ETA devora sistemáticamente a cualquier terrorista que intente introducirse en el campo de la política. Ha ocurrido desde el principio de los tiempos y la única excepción devino en la disolución de la organización que se transformó en Euskadiko Esquerra. Ahora Otegi, en silencio desde que los terroristas dinamitaran en la terminal de Barajas la negociación con el Gobierno, ha filtrado que va a abandonar la política cuando salga de la cárcel. Pasa a engrosar la lista de los Iñaki Esnaola, Txema Montero, Tasio y todos quienes pretendieron la transformación de la banda terrorista en una organización política.

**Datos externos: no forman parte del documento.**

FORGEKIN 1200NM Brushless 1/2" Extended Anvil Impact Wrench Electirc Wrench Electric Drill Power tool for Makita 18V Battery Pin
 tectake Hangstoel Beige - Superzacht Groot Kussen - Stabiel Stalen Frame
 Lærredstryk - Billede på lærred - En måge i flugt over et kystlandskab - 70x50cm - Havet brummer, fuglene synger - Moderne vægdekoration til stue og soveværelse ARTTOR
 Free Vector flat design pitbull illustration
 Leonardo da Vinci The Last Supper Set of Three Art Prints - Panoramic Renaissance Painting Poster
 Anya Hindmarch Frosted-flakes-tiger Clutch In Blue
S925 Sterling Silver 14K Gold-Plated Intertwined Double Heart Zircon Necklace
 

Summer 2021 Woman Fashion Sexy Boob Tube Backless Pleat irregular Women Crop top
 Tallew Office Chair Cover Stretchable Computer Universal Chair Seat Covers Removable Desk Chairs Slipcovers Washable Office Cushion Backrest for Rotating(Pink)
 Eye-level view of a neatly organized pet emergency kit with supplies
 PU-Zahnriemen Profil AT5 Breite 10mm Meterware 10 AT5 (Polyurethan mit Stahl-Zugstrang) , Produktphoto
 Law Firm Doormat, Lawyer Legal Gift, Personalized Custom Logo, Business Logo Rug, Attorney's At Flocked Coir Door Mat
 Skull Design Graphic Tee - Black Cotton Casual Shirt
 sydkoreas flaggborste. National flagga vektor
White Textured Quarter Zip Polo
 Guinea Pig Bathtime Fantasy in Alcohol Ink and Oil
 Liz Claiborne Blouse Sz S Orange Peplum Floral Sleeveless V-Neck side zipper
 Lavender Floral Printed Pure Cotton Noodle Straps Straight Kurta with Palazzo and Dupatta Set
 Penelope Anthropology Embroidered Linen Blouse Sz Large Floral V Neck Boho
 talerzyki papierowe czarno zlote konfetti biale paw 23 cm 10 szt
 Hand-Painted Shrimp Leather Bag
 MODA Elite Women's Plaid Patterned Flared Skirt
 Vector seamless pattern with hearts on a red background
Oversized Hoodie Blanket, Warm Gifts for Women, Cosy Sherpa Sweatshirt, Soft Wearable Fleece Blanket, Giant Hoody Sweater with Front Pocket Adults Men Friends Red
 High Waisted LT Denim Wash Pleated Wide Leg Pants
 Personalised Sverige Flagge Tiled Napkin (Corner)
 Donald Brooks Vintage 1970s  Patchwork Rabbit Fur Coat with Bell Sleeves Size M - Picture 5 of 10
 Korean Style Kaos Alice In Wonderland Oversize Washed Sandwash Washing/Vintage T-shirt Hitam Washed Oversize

Este principio debe conducir a una reflexión permanente: quienes dominan la organización lo hacen en la medida de que son capaces de controlar el miedo, la caja y las pistolas. Con esos ingredientes no se puede hacer política. Saben que desaparecida la coacción de las armas, el miedo de sus amenazas y la caja de sus extorsiones, su capacidad de influencia política es absolutamente limitada porque una sociedad sin coacciones no se alinea con una partida de bandoleros ni con quienes predican el radicalismo trasnochado. Por eso no dejan que nadie con vocación política liquide su forma de vida y de poder. El poco prestigio social y político que le queda a ETA está parapetado tras la amenaza y la chulería de quienes se protegen en su capacidad de matar por la espalda. Esa guapería primitiva desaparecerá el mismo día en que ETA se disuelva y debieran tener previsión de que el hartazgo de la sociedad vasca puede conducir a linchar a los terroristas cuando ya no sean una amenaza porque un pueblo al que se le ha hecho vivir agazapado no perdona tan fácilmente.

La dinámica de ETA es irreversible: su desaparición por marchitamiento de una organización que se está dividiendo, cuyos presos no aguantan mucho más y que no tiene ningún tipo de salida política. Sólo hay que perseverar para que se seque como una pasa al sol.